The Michael J. Fox Foundation for Parkinson’s Research (MJFF) announced today that it has launched a $2 million, two-year research program to accelerate the development and validation of a biomarker for Parkinson’s disease. A biomarker can be likened to a kind of “molecular fingerprint” of the disease and would have a profound impact on patient care as well as research directed toward finding the cause and a cure for Parkinson’s disease.
“Successful leads from our 2002 biomarker program, including one project that applied microarray technology to identify patterns of gene expression in Parkinson’s patients convinced us to keep up the hunt for a biomarker,” said J. William Langston, MD, chief scientific advisor for MJFF and CEO of The Parkinson’s Institute. “We hope this new program, combined with the significant technological advances we’ve seen since we launched our original biomarkers program, will enable us to generate more opportunities in this area. This is a vitally important, yet under-explored research field with the potential to revolutionize research and the Parkinson’s treatment paradigm.”
At present, clinical diagnosis is based on a patient’s medical history and neurological examination, but the rate of misdiagnosis is high enough to have an effect on both research and treatment. Although no biomarker currently exists for Parkinson’s disease, the development of one could enable physicians to — for the first time — definitively test for Parkinson’s. It would be possible to identify individuals at risk early and, ultimately to initiate neuroprotective treatments to slow or reverse the disease.
A validated biomarker is also necessary for the development of neuroprotective therapies. In the absence of a biomarker, pharmaceutical companies have no way to definitively measure a drug’s ability to slow or stop disease progression. It is critical that parallel advances be made to develop a diagnostic test and neuroprotective therapies as each alone would have little impact on patient care.

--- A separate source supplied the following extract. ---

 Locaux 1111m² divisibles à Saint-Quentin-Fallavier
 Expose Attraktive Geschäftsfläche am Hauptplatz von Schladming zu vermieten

Further, the existence of a reliable biomarker would not only encourage clinical trials for new drugs but also impact epidemiological studies aimed at finding the cause of disease by decreasing the number of misdiagnosed cases in the study populations. Finally, a biomarker could potentially enable physicians to predict an individual’s response to a particular drug.
Given the highly individual nature of Parkinson’s disease and the possibility that there may be multiple causes, it is likely that several biomarkers will be necessary to fully understand the disorder. The Biomarkers II program will complement projects previously funded by the Foundation in this area. Letters of intent are due by December 20. Funding is anticipated by summer 2005.
The Foundation continues to be the largest private funder of focused research into a biomarker. To date, The Michael J. Fox Foundation for Parkinson’s Research has funded more than $46 million in research aimed at finding a cure for the disease, either directly or through partnerships.